● ACTION ITEM
Although the records contain pictures, none belong in the copy: restate word for word only the lines from the one with "Elzusha - Elegante" through the one with "HUTCHINSON HUKHV172 V-Ribbed Belt Set", both included.
RECORDED INFORMATION Start Marker
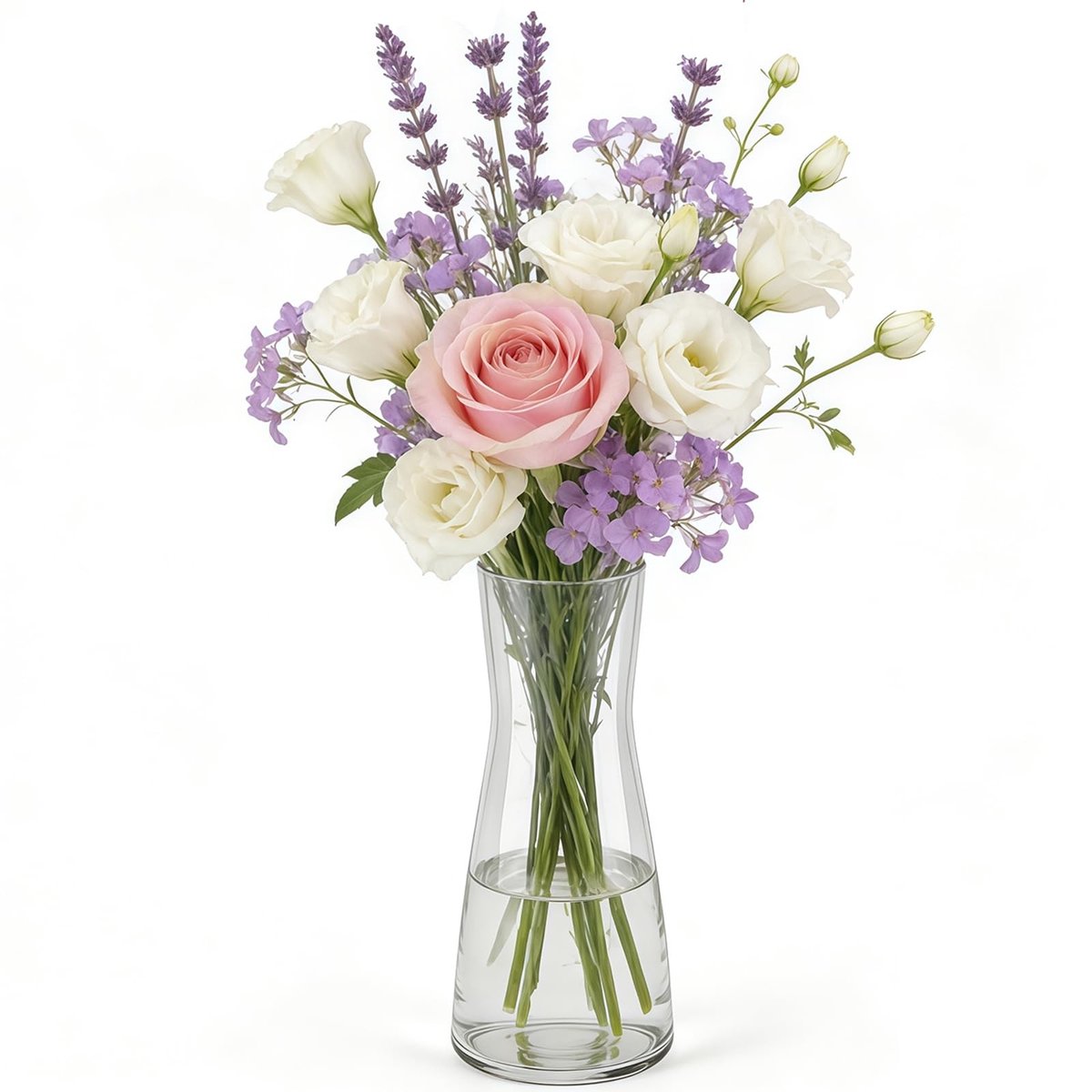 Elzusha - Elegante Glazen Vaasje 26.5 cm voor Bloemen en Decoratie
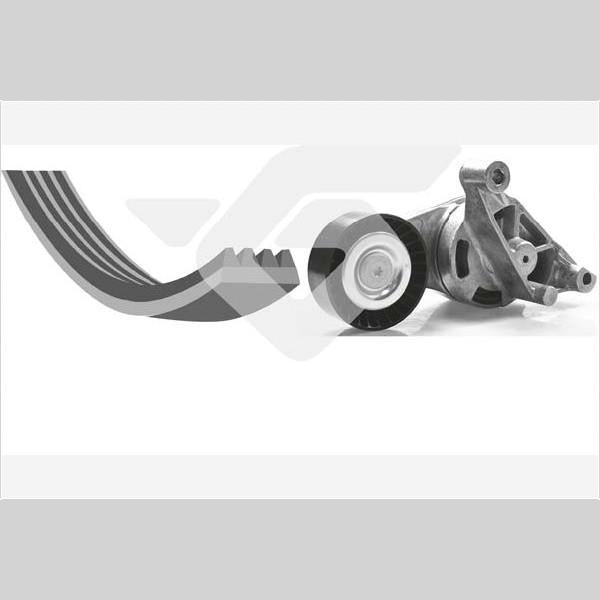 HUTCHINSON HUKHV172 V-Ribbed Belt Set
RECORDED INFORMATION End Marker
RECORDED INFORMATION Start Marker
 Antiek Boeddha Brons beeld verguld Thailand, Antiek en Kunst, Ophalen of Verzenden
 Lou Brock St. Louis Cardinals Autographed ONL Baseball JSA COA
RECORDED INFORMATION End Marker
RECORDED INFORMATION Start Marker
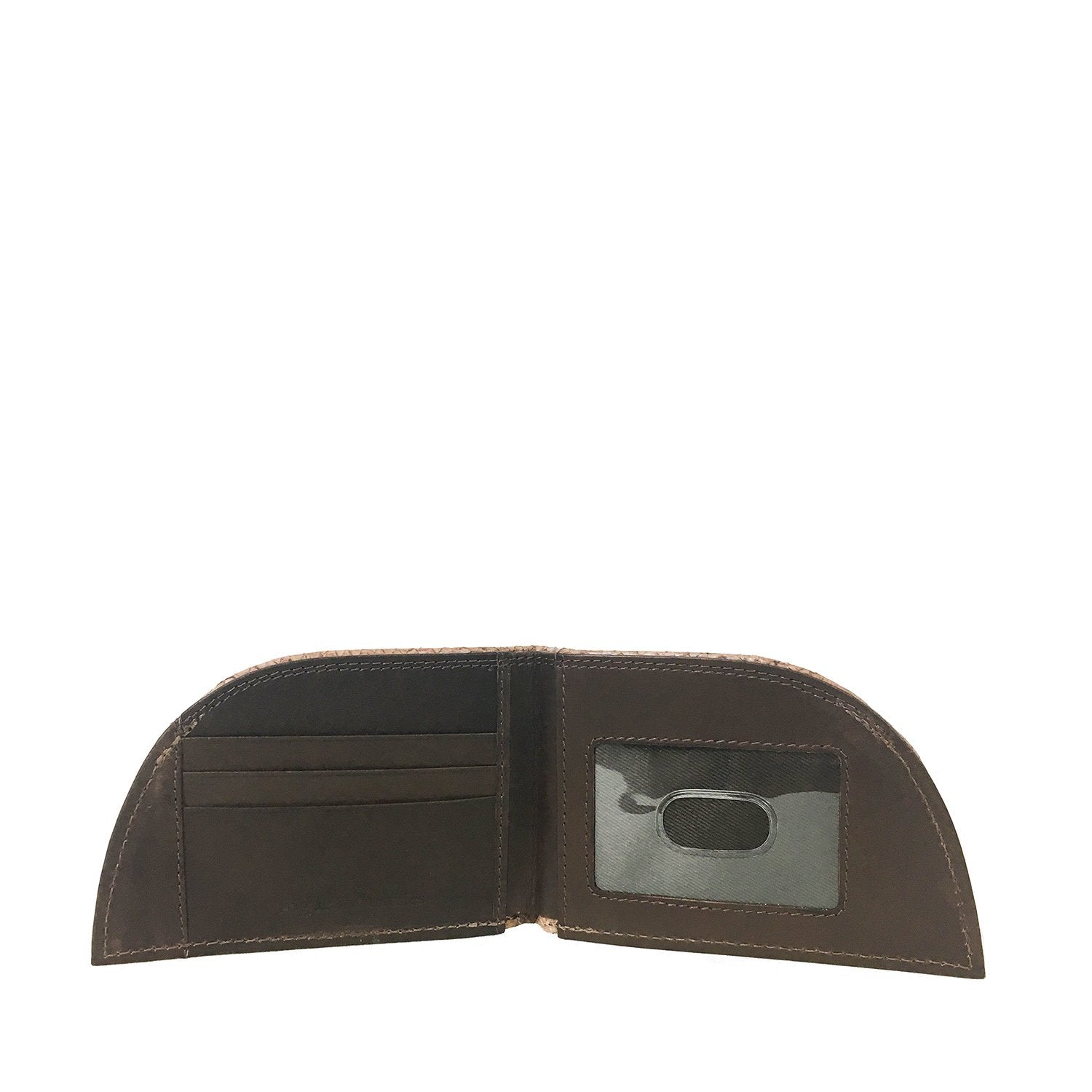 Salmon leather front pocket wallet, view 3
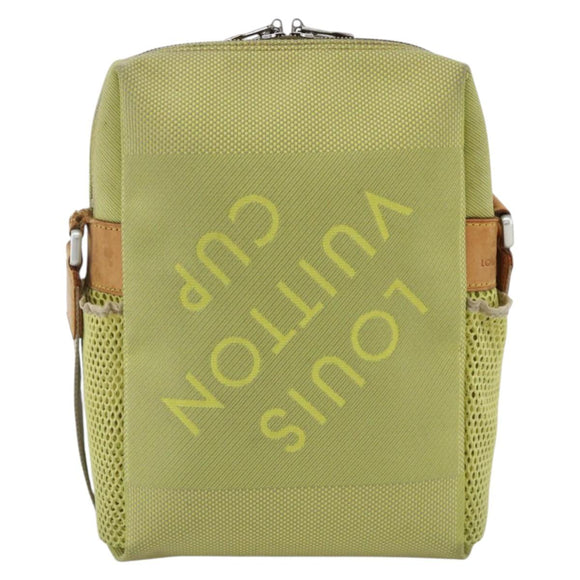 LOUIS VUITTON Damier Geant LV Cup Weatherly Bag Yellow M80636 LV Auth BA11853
RECORDED INFORMATION End Marker
● SOLUTION TO THE PROBLEM
 Elzusha - Elegante Glazen Vaasje 26.5 cm voor Bloemen en Decoratie
 HUTCHINSON HUKHV172 V-Ribbed Belt Set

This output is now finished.